Corvinus, Gudrun (1995) The Satpati Handaxe Site and Chabeni Uniface Site in Southern Nepal. Sonderdruck aus "Quartär" Band 45/46: 15-36. The author is a German geologist or archaeologist and it is one of the few dealing with actual archaeological projects in Nepal. It tells about materials and excavations discovering middle/late Pleistocene sites in Nepal; the discovery team is German and the publication is German but the article is in English, and a longer report is in the works, as there are over 10,000 pieces excavated at these sites, which lie northeast of Lumbini.

Keywords: Archaeology; Nepal prehistory

Coburn, Broughton (1991) Nepali Aama. Portrait of a Nepalese Hill Woman. 2nd edition. Printed at Tien Wah Press, Singapore, and distributed by Moon Publications Inc. 722 Wall Street, Chico, CA 95928. It and its follow-up, Aama in America, In Search of the Sacred, have now been published by Doubleday.

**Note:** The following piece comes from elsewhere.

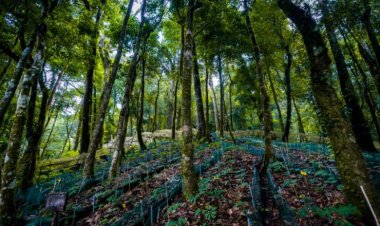 Địa điểm triển khai dự án dược liệu quý phải đáp ứng tiêu chí gì?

Aama is an elderly Gurung tribal woman living in the town of Danda, which is south of Pokhara. (She died in 1991 at the age of 87). The author lived in her home while he was a teacher near Danda in 1973; the high school he taught at was a half hour's walk from Danda but to get some sense of scale you need to know that in this walk he passed through two villages of "distinctly Mongoloid tribes, across terraced fields skirting sharply-angled ridges, and past scattered thatch-roofed dwellings of Hindu-caste Nepalese." To the north a few miles are the Annapurna and Dhaulagiri ranges. The book consists of photographs and text, the text usually consisting of Aama's own words.

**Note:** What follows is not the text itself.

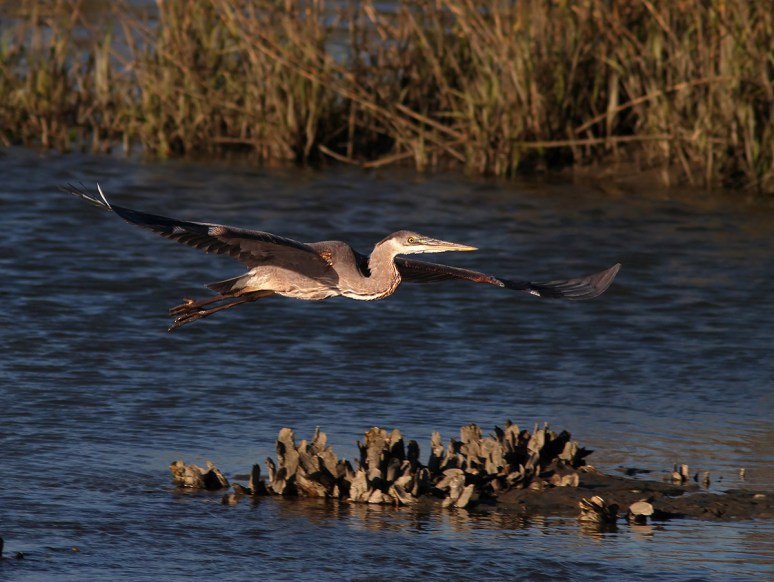 GBH Late Afternoon Flight at Marsh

Gurung people are said to speak a Tibeto-Burman tribal language sounding similar to Tibetan (the author's expression) but dialects vary from village to village. Yet villages are very small, and it appears the author really means groups of villages----so, just one day's journey away, dialects are different. [Usually, if people who live close to each other speak the same language but a noticeably different dialect, anthropologists infer that their ancestors have been there a long time----because it takes time for these differences to develop.] Most Gurung people also speak Nepali and they have a lot of contact with neighboring Brahmins, Chhetris and untouchable Hindu castes. They rely on these people for various things, and their religion as they practice it encompasses Hindu and Buddhist concepts and their own tribal spirits. When Aama and her sister went on a religious pilgrimage they went to temples and holy places of both, and, in the author's presentation anyhow, with equal reverence and equal self-containment.

The recollections of Aama, as presented in this book, indicate that in her lifetime, things have gotten worse in terms of over-population, loss of resources (such as firewood and land to grow crops).

There are two springs in Danda. Hail is more common and more of a problem at higher altitudes; her village is 1,000 feet higher and a 20 minute walk from her natal village of Simli, and Simli is milder in weather. Aama has a number of fields she owns and works but they are not all together so that makes the work harder; the reader gets the distinct impression of all of the land being cultivated, and little forest left for wood. People are not as generous with each other as perhaps they used to be. She works all day and gets little sleep; the book presents a very vivid image of how these people live in Central Nepal. There are 18 houses while there were eight when she moved up there (at age 15, at marriage). There are more children than adults now and she expresses concern over what they will eat; she says a woman went to a bazaar to see about medicine to stop having children but found that only an operation was available and didn't want that (p.4). They used to plant millet and corn separately but now plant them together -- there is not enough land. People have had to sell their silver for food; some of the tribal customs are not followed, for lack of resources; she also complains about changes in children's behavior. This is a perennial complaint of elders, but all of her comments have the ring of truth that indeed changes have occurred.